12 Winter, 511
Wandering was all anyone could do in this city, and it was all he wanted to do. Alvadas’s distant ramparts were as much a cage as any, but the impossible spectrum of paths and possibilities made the world seem endless, the walls irrelevant. The sky changed between the hours and so did his travel, from the rooftops to the roads to the din of voices behind a great stone door. Victor’s eaves had dropped on mention of such a place, but he had never gotten the chance to explore the city’s innards, the rooms behind the walls.
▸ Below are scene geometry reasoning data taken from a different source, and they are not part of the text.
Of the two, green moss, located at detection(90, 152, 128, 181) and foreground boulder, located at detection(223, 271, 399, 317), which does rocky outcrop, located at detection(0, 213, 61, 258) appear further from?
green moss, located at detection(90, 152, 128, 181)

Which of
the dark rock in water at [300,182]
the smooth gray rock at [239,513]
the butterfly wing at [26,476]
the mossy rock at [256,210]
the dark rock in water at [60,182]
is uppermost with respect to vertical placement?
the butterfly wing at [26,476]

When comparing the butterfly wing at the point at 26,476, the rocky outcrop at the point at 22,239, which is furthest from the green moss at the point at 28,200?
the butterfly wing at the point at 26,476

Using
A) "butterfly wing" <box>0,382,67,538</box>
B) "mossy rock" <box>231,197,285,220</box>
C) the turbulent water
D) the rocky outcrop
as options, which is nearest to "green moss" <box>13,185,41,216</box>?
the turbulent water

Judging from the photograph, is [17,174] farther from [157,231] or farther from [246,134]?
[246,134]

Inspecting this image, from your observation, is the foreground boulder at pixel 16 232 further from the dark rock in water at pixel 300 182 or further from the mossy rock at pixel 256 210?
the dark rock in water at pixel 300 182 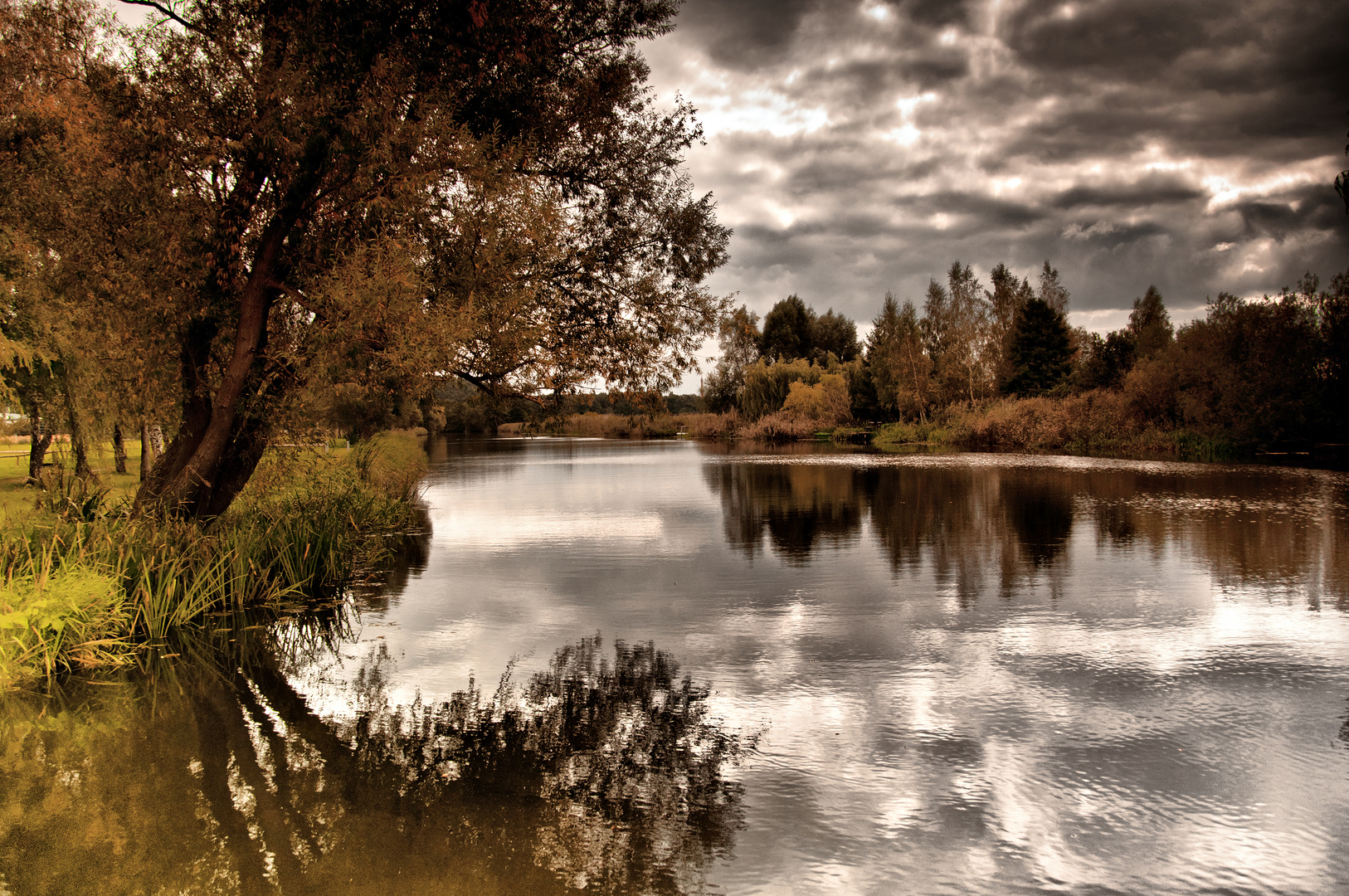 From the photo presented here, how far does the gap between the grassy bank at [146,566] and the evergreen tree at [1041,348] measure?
56.6 meters

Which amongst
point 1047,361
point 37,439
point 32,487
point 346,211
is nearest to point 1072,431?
point 1047,361

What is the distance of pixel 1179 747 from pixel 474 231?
31.8ft

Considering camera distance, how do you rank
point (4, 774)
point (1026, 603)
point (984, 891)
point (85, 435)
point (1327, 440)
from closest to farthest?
point (984, 891)
point (4, 774)
point (1026, 603)
point (85, 435)
point (1327, 440)

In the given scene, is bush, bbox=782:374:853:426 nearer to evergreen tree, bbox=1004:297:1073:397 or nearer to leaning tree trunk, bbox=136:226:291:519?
evergreen tree, bbox=1004:297:1073:397

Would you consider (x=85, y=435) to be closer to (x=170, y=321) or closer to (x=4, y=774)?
(x=170, y=321)

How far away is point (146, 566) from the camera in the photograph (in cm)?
952

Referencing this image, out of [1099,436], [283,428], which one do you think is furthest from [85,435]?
[1099,436]

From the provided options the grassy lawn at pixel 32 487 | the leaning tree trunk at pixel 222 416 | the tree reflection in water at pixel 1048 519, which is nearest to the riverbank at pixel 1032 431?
the tree reflection in water at pixel 1048 519

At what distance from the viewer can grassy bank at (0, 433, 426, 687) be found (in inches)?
313

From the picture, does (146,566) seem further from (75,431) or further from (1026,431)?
(1026,431)

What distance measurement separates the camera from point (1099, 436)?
4597 centimetres

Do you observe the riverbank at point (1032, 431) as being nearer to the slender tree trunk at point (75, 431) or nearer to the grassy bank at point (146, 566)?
the grassy bank at point (146, 566)

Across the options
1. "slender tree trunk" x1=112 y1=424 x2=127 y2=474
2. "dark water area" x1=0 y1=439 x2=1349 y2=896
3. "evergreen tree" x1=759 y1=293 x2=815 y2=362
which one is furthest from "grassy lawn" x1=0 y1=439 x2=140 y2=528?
"evergreen tree" x1=759 y1=293 x2=815 y2=362

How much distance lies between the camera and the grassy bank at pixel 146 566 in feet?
26.1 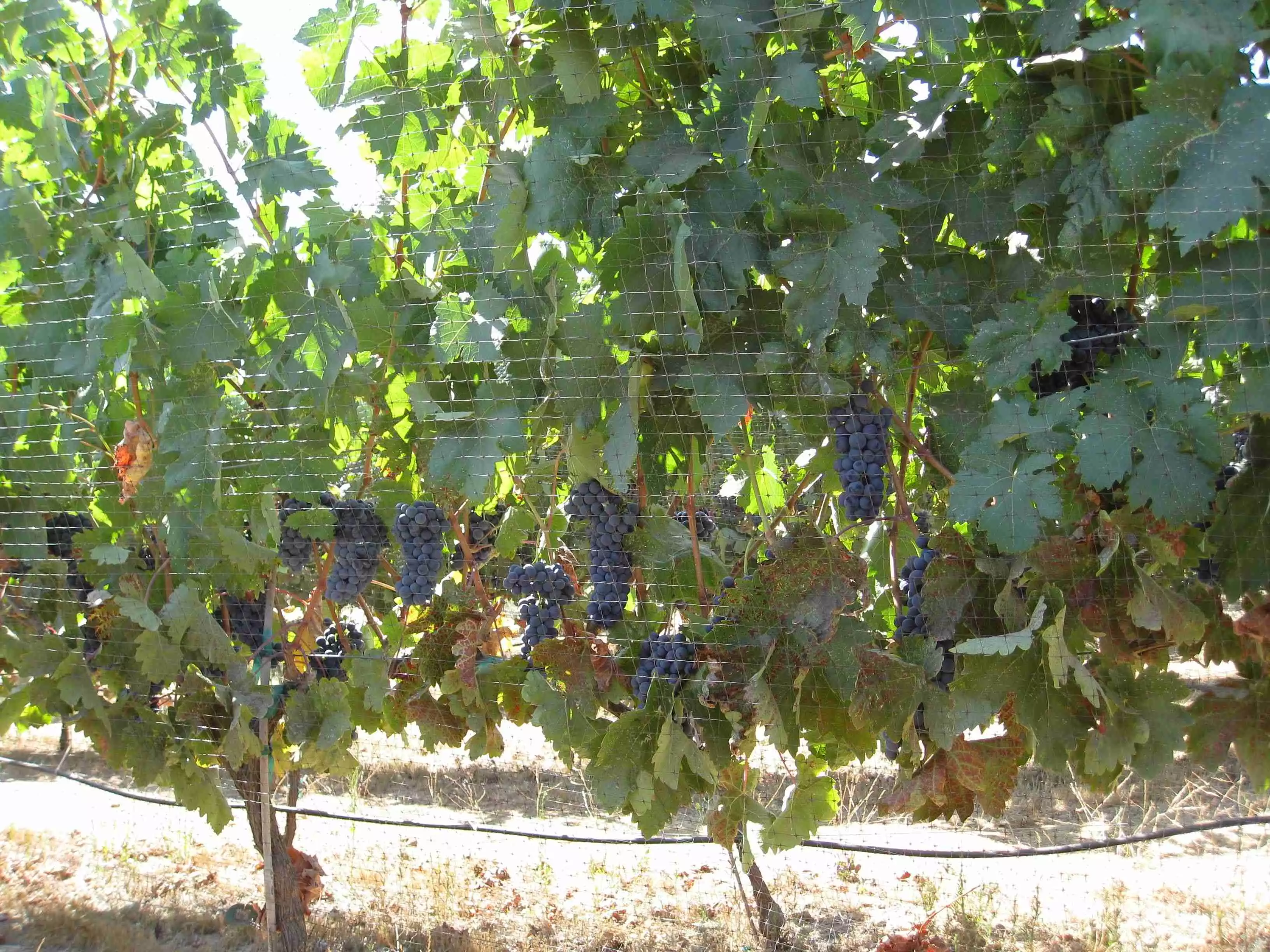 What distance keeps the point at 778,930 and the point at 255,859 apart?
2.17 meters

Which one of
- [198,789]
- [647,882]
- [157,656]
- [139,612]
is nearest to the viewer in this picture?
[139,612]

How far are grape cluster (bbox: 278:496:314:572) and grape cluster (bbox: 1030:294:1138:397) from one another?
5.50ft

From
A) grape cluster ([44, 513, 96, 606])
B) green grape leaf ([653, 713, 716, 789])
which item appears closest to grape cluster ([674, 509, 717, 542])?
green grape leaf ([653, 713, 716, 789])

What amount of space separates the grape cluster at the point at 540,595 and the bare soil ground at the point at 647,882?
1.13 m

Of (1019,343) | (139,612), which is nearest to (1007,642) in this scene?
(1019,343)

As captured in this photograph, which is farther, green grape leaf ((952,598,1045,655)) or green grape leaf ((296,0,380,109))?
green grape leaf ((296,0,380,109))

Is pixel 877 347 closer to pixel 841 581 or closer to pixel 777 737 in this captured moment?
pixel 841 581

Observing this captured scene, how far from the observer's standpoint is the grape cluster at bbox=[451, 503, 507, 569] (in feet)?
7.55

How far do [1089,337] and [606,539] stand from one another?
0.91 m

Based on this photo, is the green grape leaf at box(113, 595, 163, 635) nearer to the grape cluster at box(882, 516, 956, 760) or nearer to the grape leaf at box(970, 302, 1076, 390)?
the grape cluster at box(882, 516, 956, 760)

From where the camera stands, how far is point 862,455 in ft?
5.45

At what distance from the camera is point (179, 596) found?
2264 mm

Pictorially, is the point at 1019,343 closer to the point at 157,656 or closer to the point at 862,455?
the point at 862,455

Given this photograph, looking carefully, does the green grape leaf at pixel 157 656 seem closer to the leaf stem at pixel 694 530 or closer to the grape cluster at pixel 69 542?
the grape cluster at pixel 69 542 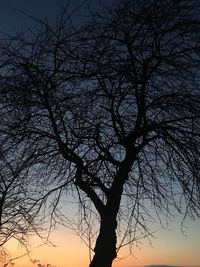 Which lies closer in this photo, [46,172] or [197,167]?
[197,167]

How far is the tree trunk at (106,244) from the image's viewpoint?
26.5 ft

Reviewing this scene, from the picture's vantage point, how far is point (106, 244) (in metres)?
8.14

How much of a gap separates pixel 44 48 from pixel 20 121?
4.06ft

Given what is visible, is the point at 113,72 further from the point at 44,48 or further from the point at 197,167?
the point at 197,167

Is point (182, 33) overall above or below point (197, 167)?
above

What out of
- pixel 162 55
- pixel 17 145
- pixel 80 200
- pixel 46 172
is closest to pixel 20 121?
pixel 17 145

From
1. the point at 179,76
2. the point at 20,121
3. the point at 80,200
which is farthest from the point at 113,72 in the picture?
the point at 80,200

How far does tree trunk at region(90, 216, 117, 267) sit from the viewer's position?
26.5 ft

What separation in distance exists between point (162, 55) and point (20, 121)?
2.54 m

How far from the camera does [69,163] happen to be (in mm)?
9438

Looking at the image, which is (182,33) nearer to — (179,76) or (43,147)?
(179,76)

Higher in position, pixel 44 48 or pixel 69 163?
pixel 44 48

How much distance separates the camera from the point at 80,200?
9422mm

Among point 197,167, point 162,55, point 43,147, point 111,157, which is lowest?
point 197,167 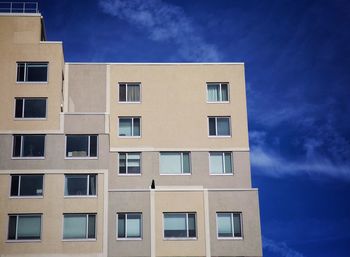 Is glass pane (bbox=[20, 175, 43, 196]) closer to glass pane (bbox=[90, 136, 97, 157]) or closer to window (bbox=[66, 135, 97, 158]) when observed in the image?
window (bbox=[66, 135, 97, 158])

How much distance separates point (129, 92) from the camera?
47250mm

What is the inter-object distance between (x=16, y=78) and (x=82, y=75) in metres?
5.62

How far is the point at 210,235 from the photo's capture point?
41.9 meters

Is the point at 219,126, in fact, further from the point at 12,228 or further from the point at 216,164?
the point at 12,228

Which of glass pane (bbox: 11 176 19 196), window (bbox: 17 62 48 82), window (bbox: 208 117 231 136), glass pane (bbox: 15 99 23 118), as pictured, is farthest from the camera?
window (bbox: 208 117 231 136)

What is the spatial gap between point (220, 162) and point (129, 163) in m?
7.17

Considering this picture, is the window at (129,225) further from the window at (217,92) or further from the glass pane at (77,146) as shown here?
the window at (217,92)

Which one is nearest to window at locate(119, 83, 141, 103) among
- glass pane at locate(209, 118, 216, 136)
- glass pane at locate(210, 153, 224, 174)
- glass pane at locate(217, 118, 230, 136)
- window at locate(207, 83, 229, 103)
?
window at locate(207, 83, 229, 103)

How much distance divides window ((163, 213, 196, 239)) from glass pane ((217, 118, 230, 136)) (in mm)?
7720

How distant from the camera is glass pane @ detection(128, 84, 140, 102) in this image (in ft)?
155

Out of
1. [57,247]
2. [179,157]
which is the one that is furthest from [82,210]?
[179,157]

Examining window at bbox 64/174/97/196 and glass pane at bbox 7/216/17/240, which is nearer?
glass pane at bbox 7/216/17/240

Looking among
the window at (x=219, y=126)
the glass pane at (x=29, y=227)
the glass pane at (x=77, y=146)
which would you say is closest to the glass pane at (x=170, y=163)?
the window at (x=219, y=126)

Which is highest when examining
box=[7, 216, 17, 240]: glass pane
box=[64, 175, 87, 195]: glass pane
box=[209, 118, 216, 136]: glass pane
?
box=[209, 118, 216, 136]: glass pane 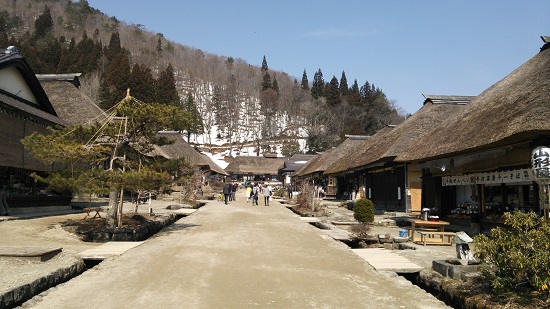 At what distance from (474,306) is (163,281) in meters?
4.76

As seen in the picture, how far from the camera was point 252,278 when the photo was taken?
7.30m

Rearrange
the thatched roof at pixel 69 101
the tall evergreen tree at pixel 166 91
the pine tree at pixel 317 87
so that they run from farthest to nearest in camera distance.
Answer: the pine tree at pixel 317 87
the tall evergreen tree at pixel 166 91
the thatched roof at pixel 69 101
As his eyes caught sight of what his ears had only glimpsed, Victor suddenly remembered a number of things he needed to buy.
He had entered the place looking for a new lantern to replace a long swept pile of glass shards; he had stayed for the satisfying whorl of color and noise and chaos; he had stopped to browse when he realized that he might find something to fill the space behind the bar. It was in this search for spirits that he constructed a game for himself, a challenge of deciding who, if anyone, was the city in disguise, a piece of the illusion. He decided on a few arbitrary criteria: that they would know what they were doing, that they would not care to leave, and that they would seem wholly and simultaneously remarkable and ordinary.
He found one, a peculiar small girl with dark hair, the unassuming kind who seemed like she could easily keep unnoticed by undiscerning eyes, and yet was dressed like she had something to prove. The stall beside her accommodated an illusionist’s collection of religious fetishes, and so he stepped toward it. With the pretense of scrutinizing a chainless pendant, he leaned to one side and brushed her shoulder. She was tangible, he observed; that was promising.
Victor’s brow rose and fell like surprise and contentment. He scrutinized her face from their new proximity, idly clasping her arm as if to steady the stranger from his intrusion. She seemed familiar, but he suspected that might be a figment of the city’s charms. “Hello, beautiful,” he greeted, and his syllables rocked in apologetic laughter.